We must implicitly differentiate for y. This gives us:

`=(dy)/(dx)\sin(y)+y(d)/(dx)[\sin(y)]`

For the sin(y), we need to use the chain rule:

`u(v(x))'=u'(v(x))\cdot v'(x)`

Our u(x) is sin(x) and our v(x) is y. So, u'(x) is cos(x) and v'(x) is dy/dx.

So, our derivative is:

`=(dy)/(dx)\sin(y)+y(\cos(y)\cdot(dy)/(dx)})`

Simplify:

`=(dy)/(dx)\sin(y)+y\cos(y)\cdot(dy)/(dx)}`

And we are done for the right.

Right Side:

We have:

`(d)/(dx)[x\cos(x)]`

This will be significantly easier since it's just x like normal.

Again, let's use the product rule:

`=(d)/(dx)[x]\cos(x)+x(d)/(dx)[\cos(x)]`

Differentiate:

`=\cos(x)-x\sin(x)`

So, our entire equation is:

`=(dy)/(dx)\sin(y)+y\cos(y)\cdot(dy)/(dx)}=\cos(x)-x\sin(x)`

To find our derivative, we need to solve for dy/dx.
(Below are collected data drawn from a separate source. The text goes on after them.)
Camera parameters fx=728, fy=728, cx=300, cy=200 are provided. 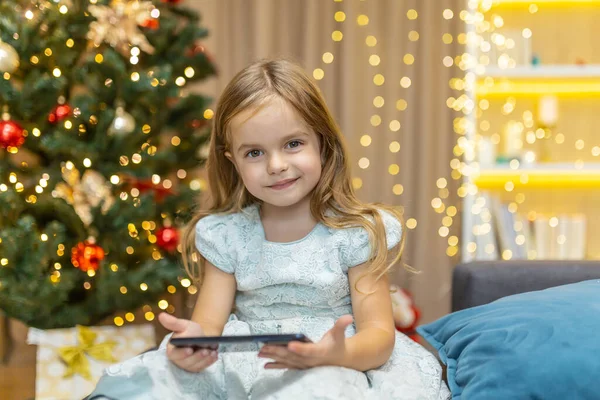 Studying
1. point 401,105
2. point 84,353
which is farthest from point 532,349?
point 401,105

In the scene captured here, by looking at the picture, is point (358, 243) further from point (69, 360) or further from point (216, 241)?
point (69, 360)

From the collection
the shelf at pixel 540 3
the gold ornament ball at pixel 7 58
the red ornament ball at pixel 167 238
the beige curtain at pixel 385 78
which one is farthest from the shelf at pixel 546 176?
the gold ornament ball at pixel 7 58

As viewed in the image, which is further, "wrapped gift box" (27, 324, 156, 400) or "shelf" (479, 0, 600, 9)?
"shelf" (479, 0, 600, 9)

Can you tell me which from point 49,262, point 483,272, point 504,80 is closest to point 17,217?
point 49,262

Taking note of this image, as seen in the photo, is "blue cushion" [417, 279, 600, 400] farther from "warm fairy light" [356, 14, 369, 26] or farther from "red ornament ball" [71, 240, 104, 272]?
"warm fairy light" [356, 14, 369, 26]

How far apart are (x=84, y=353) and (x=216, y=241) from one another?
3.11ft

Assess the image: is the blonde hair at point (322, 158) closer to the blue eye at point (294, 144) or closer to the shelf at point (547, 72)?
the blue eye at point (294, 144)

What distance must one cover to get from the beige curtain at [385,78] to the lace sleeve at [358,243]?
5.75 ft

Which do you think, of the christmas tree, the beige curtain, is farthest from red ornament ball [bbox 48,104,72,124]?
the beige curtain

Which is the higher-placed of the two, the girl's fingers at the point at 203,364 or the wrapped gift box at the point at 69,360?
the girl's fingers at the point at 203,364

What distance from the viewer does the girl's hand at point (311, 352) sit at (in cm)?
103

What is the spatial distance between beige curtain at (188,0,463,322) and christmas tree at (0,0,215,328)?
683 millimetres

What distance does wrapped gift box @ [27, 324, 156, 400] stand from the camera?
212 centimetres

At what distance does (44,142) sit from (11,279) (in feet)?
1.41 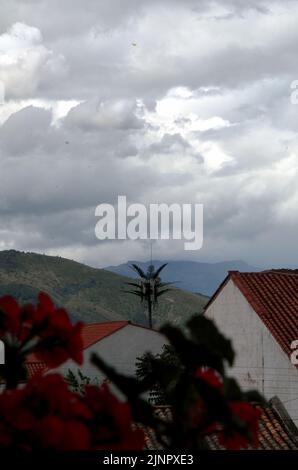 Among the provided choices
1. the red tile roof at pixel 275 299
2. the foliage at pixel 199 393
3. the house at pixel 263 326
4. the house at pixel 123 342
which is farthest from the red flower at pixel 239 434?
the house at pixel 123 342

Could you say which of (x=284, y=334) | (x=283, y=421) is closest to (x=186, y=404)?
(x=283, y=421)

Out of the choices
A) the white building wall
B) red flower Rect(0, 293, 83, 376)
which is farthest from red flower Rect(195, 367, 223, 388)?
the white building wall

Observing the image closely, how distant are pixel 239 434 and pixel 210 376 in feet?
0.69

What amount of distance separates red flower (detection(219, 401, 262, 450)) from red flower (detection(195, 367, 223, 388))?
0.07 meters

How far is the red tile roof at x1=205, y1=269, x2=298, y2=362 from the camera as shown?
32.2 meters

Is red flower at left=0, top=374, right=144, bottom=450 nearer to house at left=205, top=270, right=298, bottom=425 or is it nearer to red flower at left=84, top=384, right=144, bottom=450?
red flower at left=84, top=384, right=144, bottom=450

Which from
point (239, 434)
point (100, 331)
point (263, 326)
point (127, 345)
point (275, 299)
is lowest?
point (239, 434)

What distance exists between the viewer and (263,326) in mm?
32906

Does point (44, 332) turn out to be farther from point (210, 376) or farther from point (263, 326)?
point (263, 326)

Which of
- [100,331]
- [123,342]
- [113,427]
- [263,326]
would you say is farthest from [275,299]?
[113,427]

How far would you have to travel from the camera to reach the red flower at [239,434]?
2.00 meters

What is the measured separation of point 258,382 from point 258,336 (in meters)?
1.80

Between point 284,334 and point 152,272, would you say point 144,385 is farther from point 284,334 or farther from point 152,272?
point 152,272

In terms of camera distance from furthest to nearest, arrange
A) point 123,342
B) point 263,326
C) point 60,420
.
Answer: point 123,342, point 263,326, point 60,420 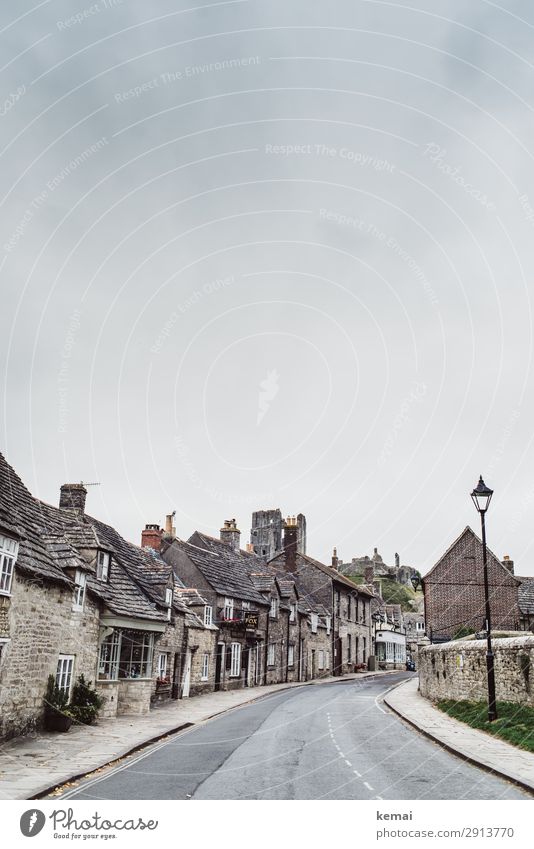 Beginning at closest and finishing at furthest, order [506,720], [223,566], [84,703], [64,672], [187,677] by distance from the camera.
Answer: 1. [506,720]
2. [64,672]
3. [84,703]
4. [187,677]
5. [223,566]

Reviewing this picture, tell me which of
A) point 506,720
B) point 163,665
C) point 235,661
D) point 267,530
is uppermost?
point 267,530

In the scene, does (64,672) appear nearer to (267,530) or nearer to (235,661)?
(235,661)

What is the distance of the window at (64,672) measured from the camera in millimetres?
17756

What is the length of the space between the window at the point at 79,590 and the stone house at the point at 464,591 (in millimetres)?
27598

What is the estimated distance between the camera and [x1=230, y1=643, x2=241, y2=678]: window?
121ft

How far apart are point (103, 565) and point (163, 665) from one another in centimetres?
776

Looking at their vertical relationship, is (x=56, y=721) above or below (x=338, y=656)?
below

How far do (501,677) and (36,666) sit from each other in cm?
1265

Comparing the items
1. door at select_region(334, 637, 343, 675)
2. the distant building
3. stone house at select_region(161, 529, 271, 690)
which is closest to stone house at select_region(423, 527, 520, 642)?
stone house at select_region(161, 529, 271, 690)

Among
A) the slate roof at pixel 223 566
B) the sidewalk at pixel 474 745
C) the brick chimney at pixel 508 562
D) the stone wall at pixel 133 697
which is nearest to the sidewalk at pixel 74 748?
the stone wall at pixel 133 697

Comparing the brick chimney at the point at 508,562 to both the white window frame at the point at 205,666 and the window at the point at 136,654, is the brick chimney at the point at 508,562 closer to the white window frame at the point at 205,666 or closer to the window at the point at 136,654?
the white window frame at the point at 205,666

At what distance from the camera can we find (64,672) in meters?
18.2

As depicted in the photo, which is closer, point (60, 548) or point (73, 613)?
point (73, 613)

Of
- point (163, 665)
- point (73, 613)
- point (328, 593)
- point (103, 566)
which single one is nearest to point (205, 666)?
point (163, 665) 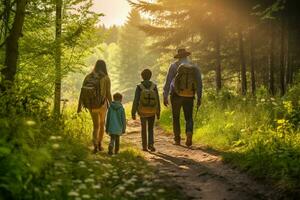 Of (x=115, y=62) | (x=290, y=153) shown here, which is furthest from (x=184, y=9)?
(x=115, y=62)

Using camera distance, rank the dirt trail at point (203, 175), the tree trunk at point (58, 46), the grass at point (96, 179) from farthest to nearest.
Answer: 1. the tree trunk at point (58, 46)
2. the dirt trail at point (203, 175)
3. the grass at point (96, 179)

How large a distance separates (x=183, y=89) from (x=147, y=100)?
132 cm

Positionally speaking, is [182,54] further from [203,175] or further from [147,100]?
[203,175]

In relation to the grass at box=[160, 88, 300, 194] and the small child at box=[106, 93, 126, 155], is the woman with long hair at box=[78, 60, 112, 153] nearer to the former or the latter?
the small child at box=[106, 93, 126, 155]

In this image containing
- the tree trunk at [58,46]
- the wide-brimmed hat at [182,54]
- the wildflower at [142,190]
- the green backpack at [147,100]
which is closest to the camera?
the wildflower at [142,190]

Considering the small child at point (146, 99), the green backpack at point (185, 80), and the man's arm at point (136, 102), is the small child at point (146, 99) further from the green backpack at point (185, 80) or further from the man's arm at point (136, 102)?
the green backpack at point (185, 80)

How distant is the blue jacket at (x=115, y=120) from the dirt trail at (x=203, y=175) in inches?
36.3

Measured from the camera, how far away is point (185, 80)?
12.7m

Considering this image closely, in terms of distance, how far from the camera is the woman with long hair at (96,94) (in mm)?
11000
So, let's factor out a dy/dx from the left. This yields:

`(dy)/(dx)(\sin(y)+y\cos(y))=\cos(x)-x\sin(x)`

Finally, divide everything by the expression inside the parentheses to obtain our derivative:

`(dy)/(dx)=(\cos(x)-x\sin(x))/(\sin(y)+y\cos(y))`

And we're done!